**The task:**
Could you retype exactly the lines below between the one holding "Датчик движения B.E.G." and the one holding "Lilly Pulitzer Karina", inclusive, leaving out any pictures?

**Working data:**
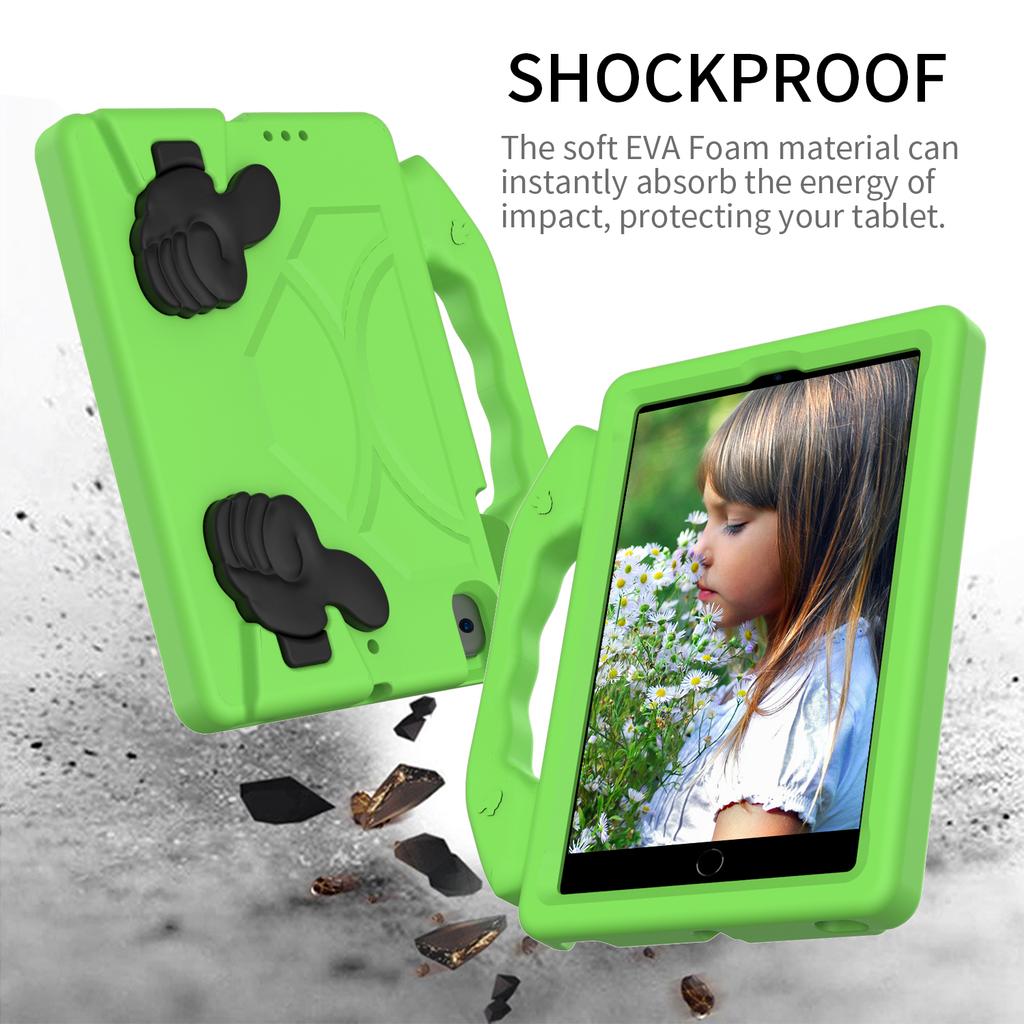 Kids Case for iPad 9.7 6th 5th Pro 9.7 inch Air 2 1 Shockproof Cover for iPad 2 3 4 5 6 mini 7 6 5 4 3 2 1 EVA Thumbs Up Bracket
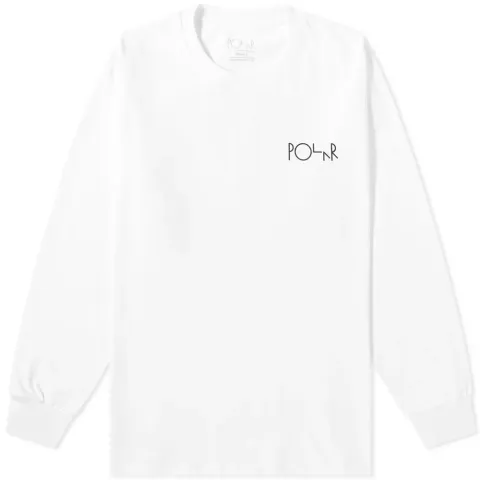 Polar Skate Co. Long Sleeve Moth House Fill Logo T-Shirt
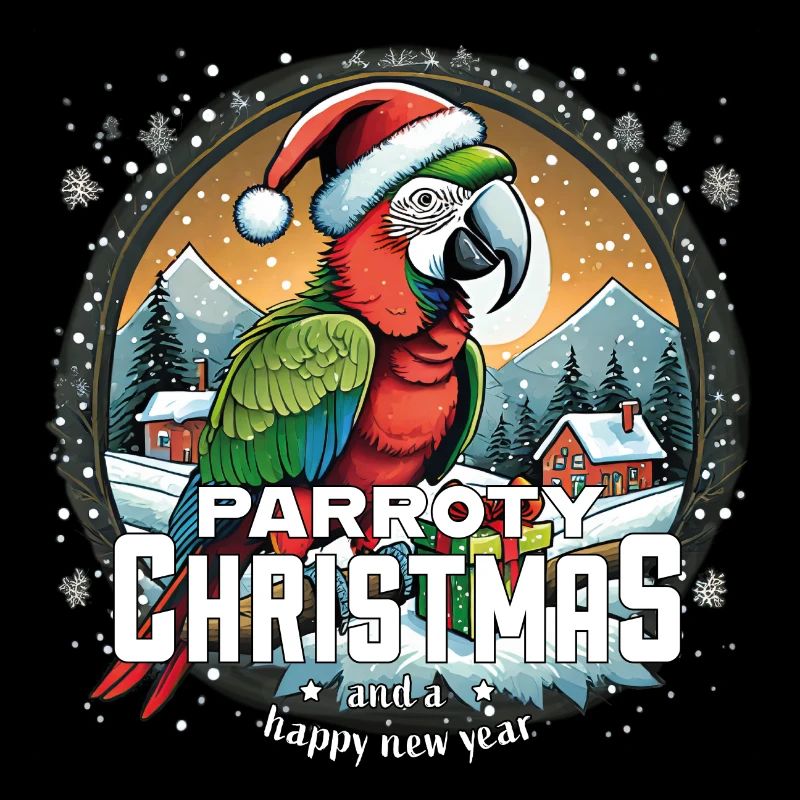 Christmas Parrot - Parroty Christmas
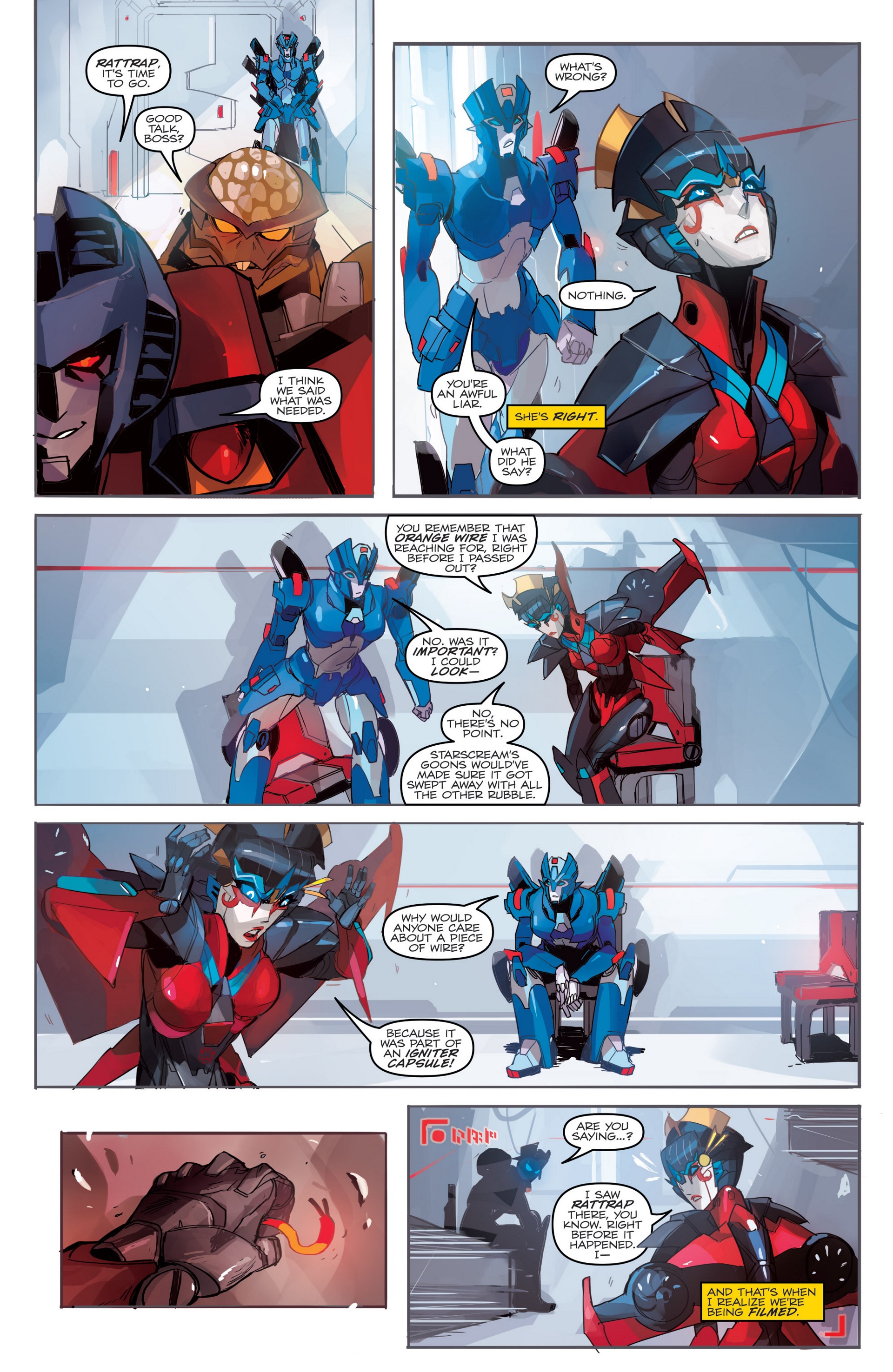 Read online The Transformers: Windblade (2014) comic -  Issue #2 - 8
* * *
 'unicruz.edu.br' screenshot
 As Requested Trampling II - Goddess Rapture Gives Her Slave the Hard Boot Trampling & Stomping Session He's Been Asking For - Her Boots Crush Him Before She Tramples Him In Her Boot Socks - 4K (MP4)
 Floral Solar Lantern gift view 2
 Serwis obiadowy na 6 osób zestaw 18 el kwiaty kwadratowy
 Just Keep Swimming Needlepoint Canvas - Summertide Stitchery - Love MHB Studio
...
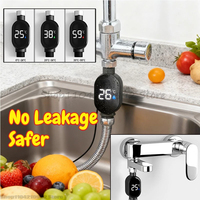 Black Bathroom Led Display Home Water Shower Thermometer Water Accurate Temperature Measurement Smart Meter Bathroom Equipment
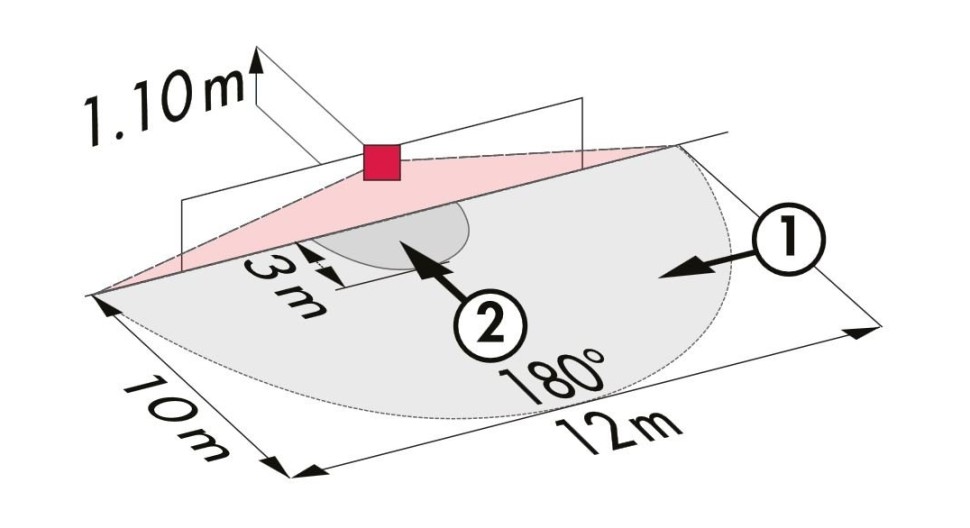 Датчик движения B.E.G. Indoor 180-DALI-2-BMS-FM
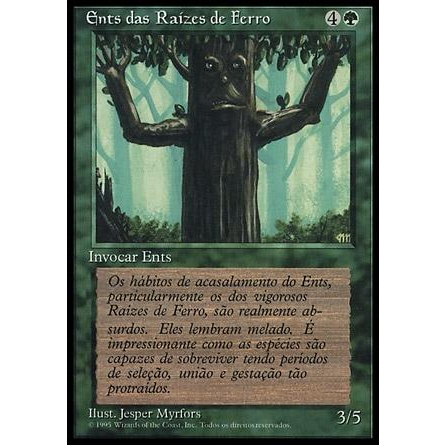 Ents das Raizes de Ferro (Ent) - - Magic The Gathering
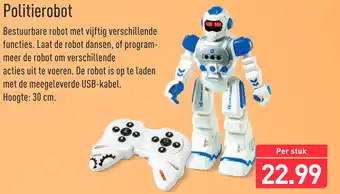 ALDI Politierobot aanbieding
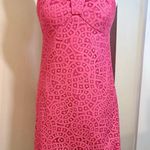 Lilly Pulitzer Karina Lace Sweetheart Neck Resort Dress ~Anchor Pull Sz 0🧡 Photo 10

**Written reply:**
 Датчик движения B.E.G. Indoor 180-DALI-2-BMS-FM
 Ents das Raizes de Ferro (Ent) - - Magic The Gathering
 ALDI Politierobot aanbieding
 Lilly Pulitzer Karina Lace Sweetheart Neck Resort Dress ~Anchor Pull Sz 0🧡 Photo 10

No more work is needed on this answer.